For someone who already has low AAT levels, this combination is devastating. Smokers with the ZZ genotype develop emphysema much earlier and more severely than nonsmokers with the same genotype. Even MZ carriers who smoke face COPD risk comparable to people with more severe genetic profiles. Avoiding cigarette smoke, including secondhand exposure, is the single most impactful thing someone with Alpha-1 can do to preserve lung function.
Getting Tested
Alpha-1 is widely underdiagnosed. The American Thoracic Society and the European Respiratory Society recommend testing for all patients with COPD or incompletely reversible airflow obstruction. Testing is also recommended for people with unexplained liver disease, a lung condition called bronchiectasis with no known cause, and first-degree relatives of anyone who carries an Alpha-1 variant.
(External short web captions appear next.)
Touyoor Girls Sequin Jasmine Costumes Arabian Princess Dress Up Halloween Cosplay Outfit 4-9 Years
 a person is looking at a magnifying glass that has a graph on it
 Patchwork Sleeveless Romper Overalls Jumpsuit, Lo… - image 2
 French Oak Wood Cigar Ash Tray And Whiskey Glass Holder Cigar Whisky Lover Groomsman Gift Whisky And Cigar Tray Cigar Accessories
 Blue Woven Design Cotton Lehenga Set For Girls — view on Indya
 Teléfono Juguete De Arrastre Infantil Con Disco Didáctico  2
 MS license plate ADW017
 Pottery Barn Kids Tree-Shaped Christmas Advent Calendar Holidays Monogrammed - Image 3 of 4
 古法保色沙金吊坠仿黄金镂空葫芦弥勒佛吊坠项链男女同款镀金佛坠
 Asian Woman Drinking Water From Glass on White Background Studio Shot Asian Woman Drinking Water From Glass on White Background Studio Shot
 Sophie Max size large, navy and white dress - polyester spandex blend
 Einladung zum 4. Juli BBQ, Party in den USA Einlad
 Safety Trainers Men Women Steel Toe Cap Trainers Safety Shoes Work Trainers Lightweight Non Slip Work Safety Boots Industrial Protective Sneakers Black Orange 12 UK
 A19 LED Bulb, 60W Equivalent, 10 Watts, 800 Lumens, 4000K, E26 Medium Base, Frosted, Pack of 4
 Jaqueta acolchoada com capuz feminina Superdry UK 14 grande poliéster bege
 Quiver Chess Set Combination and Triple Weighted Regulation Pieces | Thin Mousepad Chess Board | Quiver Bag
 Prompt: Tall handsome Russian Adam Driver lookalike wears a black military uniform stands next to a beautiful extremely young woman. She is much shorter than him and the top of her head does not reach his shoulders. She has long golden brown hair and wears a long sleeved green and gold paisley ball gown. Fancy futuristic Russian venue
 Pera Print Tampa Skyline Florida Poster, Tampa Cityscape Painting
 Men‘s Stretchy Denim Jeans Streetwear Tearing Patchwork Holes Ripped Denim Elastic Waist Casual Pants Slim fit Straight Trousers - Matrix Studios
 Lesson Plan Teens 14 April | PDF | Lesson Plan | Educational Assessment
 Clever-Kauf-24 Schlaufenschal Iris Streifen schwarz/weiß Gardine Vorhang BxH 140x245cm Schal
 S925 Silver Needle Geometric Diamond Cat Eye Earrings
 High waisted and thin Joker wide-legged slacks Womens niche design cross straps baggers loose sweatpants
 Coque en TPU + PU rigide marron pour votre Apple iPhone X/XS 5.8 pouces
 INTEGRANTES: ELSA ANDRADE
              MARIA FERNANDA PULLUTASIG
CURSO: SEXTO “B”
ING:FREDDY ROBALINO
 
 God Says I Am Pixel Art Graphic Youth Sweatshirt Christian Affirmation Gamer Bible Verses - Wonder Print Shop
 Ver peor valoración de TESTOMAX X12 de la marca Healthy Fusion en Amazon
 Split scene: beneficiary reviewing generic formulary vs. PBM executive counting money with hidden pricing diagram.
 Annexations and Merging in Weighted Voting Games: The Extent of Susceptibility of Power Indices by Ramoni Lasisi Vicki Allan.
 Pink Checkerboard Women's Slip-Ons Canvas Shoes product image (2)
Diagnosis starts with a simple blood test measuring AAT levels. A level below 80 mg/dL supports the diagnosis, though the exact threshold depends on the lab method used. Genetic testing then identifies the specific genotype. Because symptoms overlap so heavily with ordinary COPD and asthma, the average person with Alpha-1 sees multiple doctors over several years before getting the correct diagnosis.
Treatment Options
The cornerstone treatment for Alpha-1 lung disease is called augmentation therapy. It works by infusing purified AAT protein from donated human blood directly into the bloodstream, raising levels above the protective threshold of 80 mg/dL. Infusions are given intravenously once a week. A Cochrane review found that patients receiving augmentation therapy lost lung tissue significantly more slowly than those on placebo, as measured by CT scans of lung density.
Augmentation therapy protects the lungs but does not reverse existing damage, which is why early diagnosis matters. It also doesn’t address liver disease, since the liver problem stems from trapped misfolded proteins rather than a shortage of circulating ones. For severe liver disease, a transplant may ultimately be necessary.
Beyond augmentation, standard COPD management applies: bronchodilators for breathing, pulmonary rehabilitation to improve exercise tolerance, and avoiding lung irritants. Vaccines against flu and pneumonia help prevent infections that can trigger flare-ups.
New Treatments in Development
One of the most promising areas of research targets the liver side of Alpha-1. A therapy called ARO-AAT uses RNA interference, a technique that silences the gene responsible for producing the misfolded Z protein in liver cells. By reducing production of the toxic protein, the goal is to prevent further liver damage. ARO-AAT is administered as a subcutaneous injection and is currently in phase II/III clinical trials enrolling patients with established liver scarring. Earlier attempts at similar approaches were halted due to safety concerns, but the newer delivery method is designed to improve the safety profile significantly.